The best way forward for Fatiando that I can see, is to become an ecosystem of specialized tools and libraries, rather than a single Python package. Having things in separate libraries allows us to better indicate what is robust and professional and what is experimental or meant as a teaching tool. In particular, the meshing library has some overlap with discretize and we should be considering a merger of our projects. Separating what we have in a library will help us articulate the requirements of Fatiando so that we can see if a merger is beneficial. We can also include experimental libraries (like fatiando.seismic.wavefd) and CLI or GUI programs as independent projects.

This is how I envision the Fatiando ecosystem in the future (I have already started working on some of these projects):

  • fatiando: A metapackage that can be used to install all the whole stack (like the jupyter package).
  • deeplook: the inversion package. Should define a scikit-learn like interface and provide all of the standard tools (regularization, optimization, etc).
  • geometric: the geometric objects and meshes. Includes an optional way of plotting them on Mayavi and matplotlib. The way physical properties are handled needs to be redesigned and meshes need to support slicing and fancy indexing.
  • verde: the gridding package. It will include some new Green's functions based interpolation on which I've been working. Should also include the functions for calculating derivatives that are currently in fatiando.gravmag.transform.
  • harmonica: the gravity and magnetic methods package. Will port over most of the code from fatiando.gravmag.
  • sismica: a package for seismics and seismology. For now, will include some of the toy examples from the fatiando.seismic.
  • wavefd: the experimental 2D FD wave propagation code (useful for teaching but I don't trust it enough for research).
  • moulder: GUI for 2D gravity and magnetic modeling.
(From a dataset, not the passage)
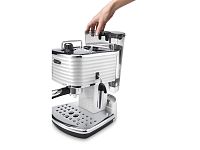 Рожковая кофеварка DeLonghi Scultura ECZ 351.W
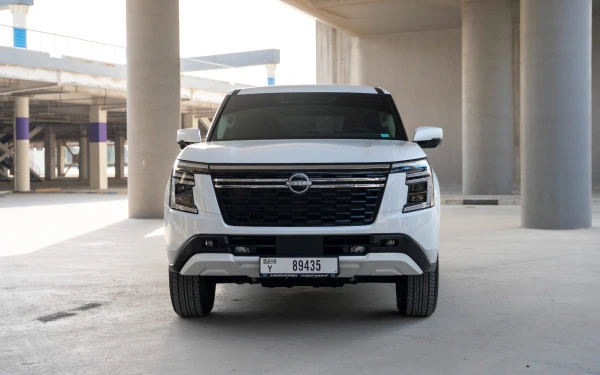 Nissan Patrol Platinum V6 (Blanc), 2026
All of these packages will be tied together in the fatiando Github organization and the fatiando.org website, which will include instructions for installing the entire stack. The website will also link to individual packages (as is done right now for the subpackages) and any other project in the fatiando umbrella. Members of the organization will be free to create new repositories and we'll provide a template for doing so.

The requirements and goals for these new packages are:

  • All code will be Python 3 only.
  • All docstrings will use the numpy style.
  • Each package will have it's own docs page with tutorials, API reference, install instructions, changelog, and gallery. They will share a common template and a simple theme.
  • All repos will include a Code of Conduct and Contributing Guide.
  • All main packages will have a comprehensive test suite. Anything not tested or experimental will be moved to separate packages. Full test coverage (or as much as possible) will be a requirement for merging a contribution.

This is how I think we could implement this:

  1. Release Fatiando 0.6 with what we currently have in the master branch along with a note that this will be the last release to support Python 2.7.
  2. Create a package template repository with the shared infrastructure (setup.py, docs, continuous integration configuration, Makefile, testing, etc).
  3. Start repositories for each of the packages listed above.
  4. Specify clear goals for each package and an example of how we want the API to look.
  5. Focus on redesigning the inversion package first. This is the basis for many other packages.
  6. Slowly copy over code from fatiando/fatiando while ensuring that everything is tested and documented.

Help!

The goal of all these changes is to make Fatiando better for users and developers by making the code more robust and well documented. I'm curious to know what the Python geophysics community thinks about all of this. Do I have it all wrong? What should be done differently? And most importantly, would you like to help?